Como seres humanos con sus cincos sentidos en orden tendemos a querer mirar con los ojos abiertos. ¿Alguna vez has intentado cerrar los ojos y observar lo que tienes a tu alrededor?

Fui una de las pocas personas privilegiadas a las que invitaron a la fiesta del humo. El objetivo básicamente era no ver, simplemente sentir. Lo que no me contaron es que la gente iba allí para ignorar la realidad a la que estamos acostumbrados, a la rutina, al desgaste del día a día.

Me soltaron sin darme ninguna explicación. Al principio mantuve los ojos abiertos para entender en qué lugar me encontraba. Intenté disipar algo entre un humo tan espeso que hacía que mis lacrimales respondieran al tacto rugoso provocando un escozor que finalizaba con lágrimas enormes que recorrían mis mejillas. Mis ojos no conseguían ver nada pero eran capaces de absorber el aroma de la putrefacción de días eternos sin ducha, sin nada que llevarse a la boca, sin oportunidad de descanso. El humo distorsionaba mis pasos aunque era capaz de notar la presencia de decenas de personas que se encontraban allí conmigo. Era incapaz de averiguar si el espacio en el que me hallaba contaba con paredes y techo. Tan solo palpaba con mis zapatillas gastadas un suelo liso y resbaloso.

Con los ojos aún abiertos me choqué con alguien, pero no podía ver cómo era. Empecé a inspeccionarlo con mis manos. Algo más alto que yo, la piel estaba algo seca, casi sin vida. Cuando posé mis manos sobre sus ojos me di cuenta de que los tenía cerrados y, cuando rocé sus labios, noté su sonrisa. Pero él no me respondía. Simplemente dejaba que le tocase sin ningún remordimiento, sin ninguna reacción.

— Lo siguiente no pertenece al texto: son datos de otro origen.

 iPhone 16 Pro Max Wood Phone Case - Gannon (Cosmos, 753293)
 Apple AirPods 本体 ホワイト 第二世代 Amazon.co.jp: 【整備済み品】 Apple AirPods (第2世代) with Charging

Así sucedió con unos cuantos más pero nunca nadie respondía a mis caricias. Tampoco hacían caso a mi voz, la cual se quedaba sobrevolando en el aire sin encontrar ningún receptor que la escuchase. Sin embargo, todos ellos tenían en común una postura rígida, inamovible y, sobre todo, que sus ojos se encontraban cerrados y su sonrisa permanente.

Pasaban las horas, incluso llegaron a pasar días y me sentía desesperada intentando encontrar la salida entre todo ese humo espeso. ¿Por qué me invitaron? ¿Por qué acepté? ¿Qué querían de mí?

Los ojos no dejaban de picarme y de escocer. A causa del agotamiento me desplomé hasta quedarme profundamente dormida. Noté un ligero roce en mis brazos, apenas fui capaz de sentir cómo me levantaban y me ponían de pie, totalmente rígida.

Unas suaves manos cerraron mis ojos y expandieron la comisura de mis labios hasta hacerme sonreír. Pasados unos minutos ya no sentía nada, pero mi cerebro sabía que me estaban manipulando, que me estaban utilizando, que hacían de mí lo que realmente querían sin yo tan siquiera darme cuenta, sin poder reaccionar.

Sabía que estaba sonriendo y que mis ojos ahora estaban cerrados.

Lo último que pude apreciar antes de desaparecer de mí misma fue que alguien me susurró:

– Ignora el humo y sonríe.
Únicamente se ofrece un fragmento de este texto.